# ION - ION Limited



## mikten (6 July 2011)

I have recently received a cheque from DC Legal as part of the payout to shareholders in ION.  DC Legal's fee was 73% of the amount recovered, which included a $550 fee paid in advance in June 2005 to DC Legal's predecessor Dennis & Co when the case first got under way.  No credit was given in their account for this fee paid in advance.
I have emailed DC Legal seeking an explanation but have yet to receive a reply.
Are there any other participants in the claim against ION on this forum. What is your opinion of the size of DC Legal's fee.


----------



## wooly1 (6 July 2011)

*Re: ION recovery from DC Legal*

When did you get your cheque?
I haven't received anything from them 3-4 months now.
Doesn't surprise me in the least at the size of the fee extracted from the return, I was expecting about 2/3 of the recovery going to the lawyers.
Can you quantify the return in cents in the dollars invested.
Good to see that something has finally emerged nearly 10 years after the company collapsed.


----------



## mikten (7 July 2011)

*Re: ION recovery from DC Legal*



wooly1 said:


> When did you get your cheque?
> I haven't received anything from them 3-4 months now.
> Doesn't surprise me in the least at the size of the fee extracted from the return, I was expecting about 2/3 of the recovery going to the lawyers.
> Can you quantify the return in cents in the dollars invested.
> Good to see that something has finally emerged nearly 10 years after the company collapsed.




The cheque was dated 24/6/11.
The net return was 36% of the amount invested calculated at 45cents in the dollar of 80% of the cost of shares purchased after 9th September 2004.
DC Legal say that another payment may be received in the future in respect of those shares but if subject to the same degree of fees I'd be lucky to be able to buy a Big Mac with the proceeds.


----------



## Johnny H (8 December 2011)

*Re: ION recovery from DC Legal*

Just found your message.  I was contacted by this DC legal mob earlier in 2011 re their taking up my case re ION.  Their activity must have given a hurry up to McGrath Nichol (the administrators) who thought their golden goose was threatened. So they made the 45c direct payment to me about June and recently in Sep 2011 made another 3c payment.  Follow "creditor information" at www.ionlimited.com because McGrath Nicol were to make another payment in Nov 2011 but between them and their lawyer mates they are sucking the carcass dry and notifed on 23/11 that they were in some legal action which was to be resolved on 29/11 of which there is no record on the net. Whichever way all of us turn we are confronted with lawyers and administrators costs.


----------



## Frances (2 January 2012)

*Re: ION recovery from DC Legal*

I see that a further interim distribution has been declared.  5c in $ to be paid by 31st December 2011.
Has anyone received a cheque yet?


----------



## PeterAB (18 September 2012)

*Re: ION recovery from DC Legal*



mikten said:


> I have recently received a cheque from DC Legal as part of the payout to shareholders in ION.  DC Legal's fee was 73% of the amount recovered, which included a $550 fee paid in advance in June 2005 to DC Legal's predecessor Dennis & Co when the case first got under way.  No credit was given in their account for this fee paid in advance.
> I have emailed DC Legal seeking an explanation but have yet to receive a reply.
> Are there any other participants in the claim against ION on this forum. What is your opinion of the size of DC Legal's fee.
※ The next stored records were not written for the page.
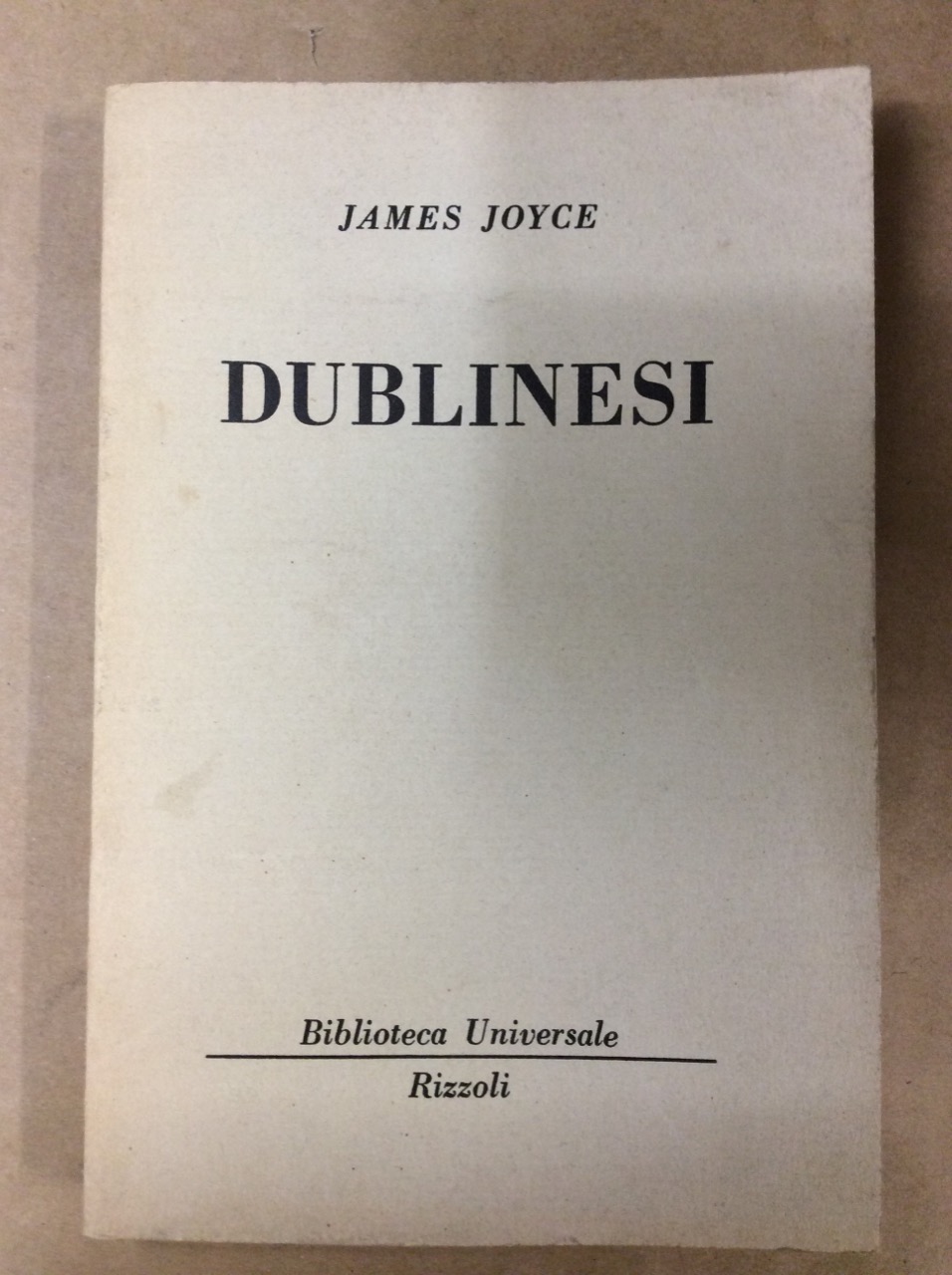 DUBLINESI.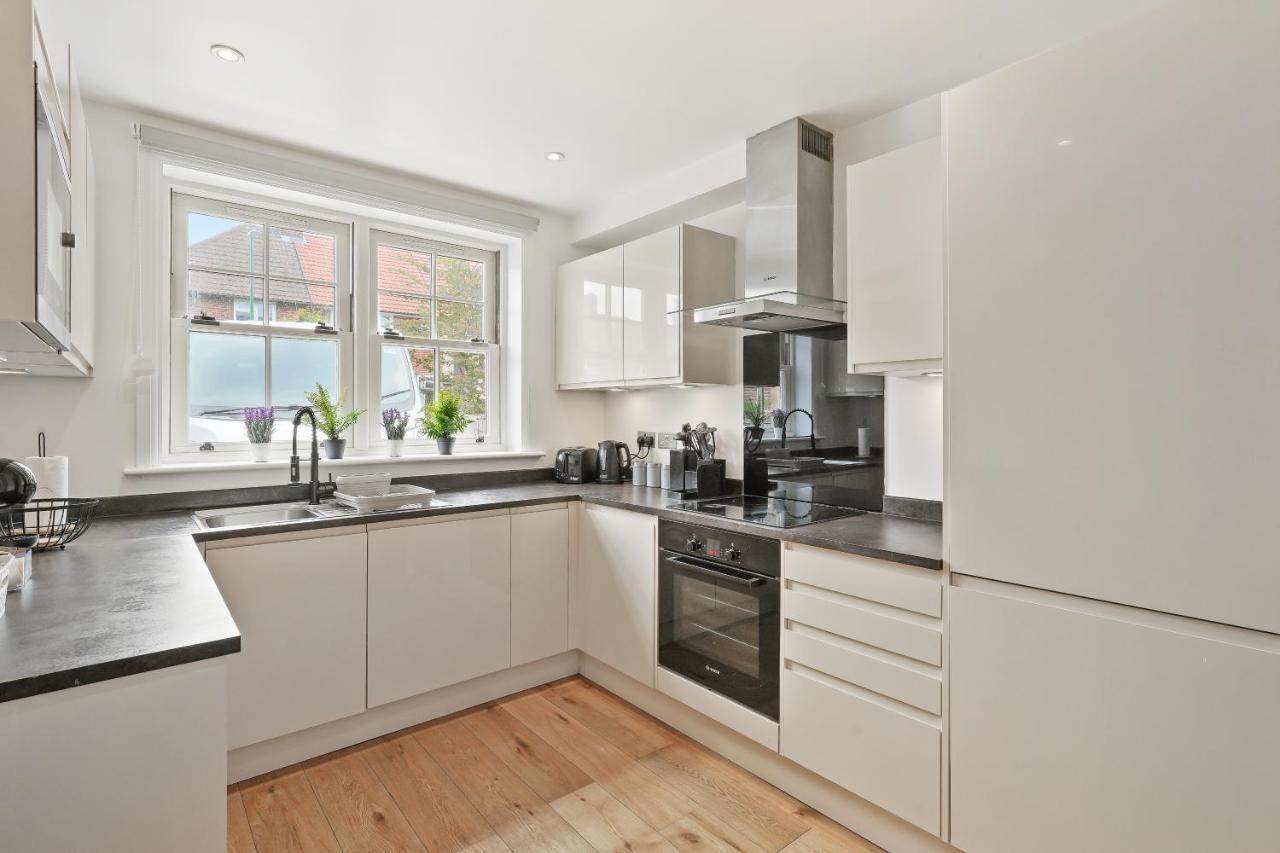 Lovely 4 Bed With Ensuite Free Wifi Off Street Parking In Sutton Morden  ภายนอก รูปภาพ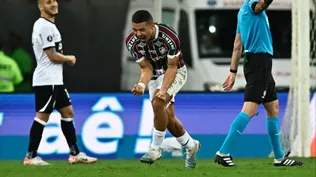 André celebra el 1-0 de Fluminense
You may like to contact me. I may be able to help.


----------



## Frances (27 September 2012)

*ION - June 2012 distribution*

Has anyone else on this forum, who is a *D C Legal* client, not received their June 2012 distribution?

I have sent two emails to D C Legal, but received no response.


----------



## Buckfont (27 September 2012)

*Re: ION - June 2012 distribution*

ION is in suspension for not having paid their listing fees. And other things I`d imagine.

Mcgrathnichol are the administrators.  (03) 9038 3133


----------



## wooly1 (27 September 2012)

*Re: ION - June 2012 distribution*



Frances said:


> Has anyone else on this forum, who is a *D C Legal* client, not received their June 2012 distribution?
> 
> I have sent two emails to D C Legal, but received no response.




I am a DC Legal client as well, have not received a distribution or even received any further communication from them.
Waste of time emailing them - never respond.


----------



## Frances (28 September 2012)

Thank you Wooly.

I rang D C Legal this morning.  They are expecting to make the payments very shortly.

Pressure of work, relating to other aspects of the legal challenge on behalf of shareholders, has caused the delay .

Depending on the outcome of legal proceedings, there is still a possibility that we may, down the track, be entitled to  100% of the creditors distribution.  At present entitled shareholders are receiving 80% of any interim distributions that are made to creditors.


----------



## tfffgb (10 July 2013)

*Re: ION - June 2012 distribution*



wooly1 said:


> I am a DC Legal client as well, have not received a distribution or even received any further communication from them.
> Waste of time emailing them - never respond.




Hi there, 

Have you received anything since Wat about recently? Supposedly I heard they went to court and got the rest?

- - - Updated - - -



mikten said:


> The cheque was dated 24/6/11.
> The net return was 36% of the amount invested calculated at 45cents in the dollar of 80% of the cost of shares purchased after 9th September 2004.
> DC Legal say that another payment may be received in the future in respect of those shares but if subject to the same degree of fees I'd be lucky to be able to buy a Big Mac with the proceeds.




Hey, 

have you heard anything from DC recently?


----------